I've been thinking about that book lately as I consider my structural place in an economy that doesn't want to pay for the skills I've got.

With LB, I've been reading a lot about work in the form of Katy and the Big Snow.  Cities that work, where everyone has a job, imagine that.  I've been trying to introduce my Lois Lenski's to LB, but so far nothing has caught her fancy.

I loved these books as a kid, and I find it sad that she seems to have fallen out of favor (and print).  You would think Lenski would fit right in with the contemporary problem novel.  Maybe it's too clear in her books that the problem is capitalism?  Or maybe her characters deal too well with their problems?  In any case, I really want a copy of Shoo Fly Girl to replace the one I had as a kid.
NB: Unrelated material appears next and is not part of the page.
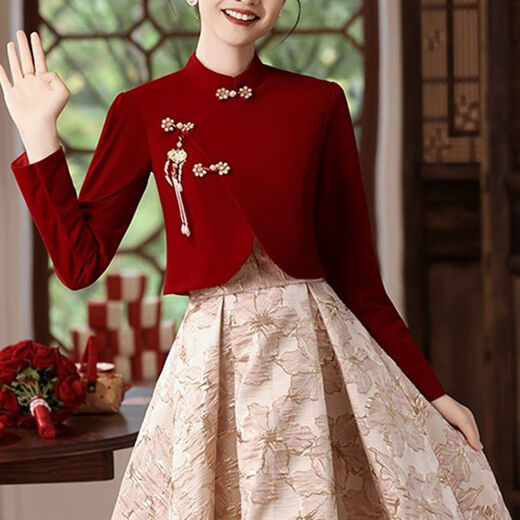 Ropa de compromiso de Yingwen para mujeres vestidos de noche para mujeres 2024 Nueva ropa de tostada de temperamento de alta gama para novia nueva boda china burdeos m largos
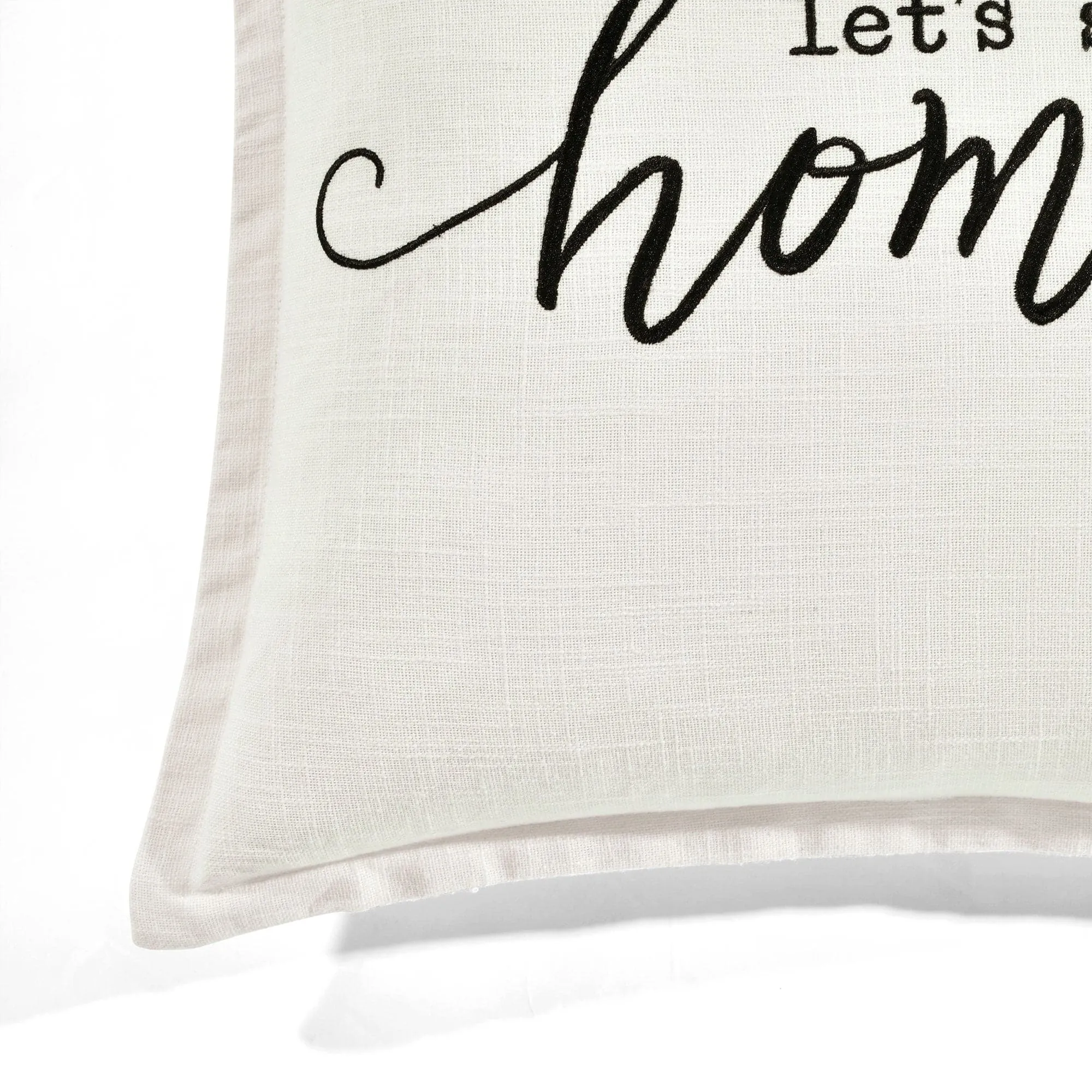 Let's Stay Home Script Decorative Pillow Cover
My attempts at Lenski indoctrination may be unsuccessful, but we did take LB on a field trip to Slater Mill (first water-powered cotton textile mill in America), where we learned a lot about child labor and the Rhode Island System of industrial labor (hire the family and get the kids for cheap).  Maybe life an an unemployed intellectual isn't so bad after all.

LB was most impressed by the river that once powered the mill, and least impressed by the loud, creaky, underground water wheel: "No like it! No like it! No wheel, no!"

Luckily the machinery was so loud that no one could hear a child scream-I'm sure that's what they said back in the day too.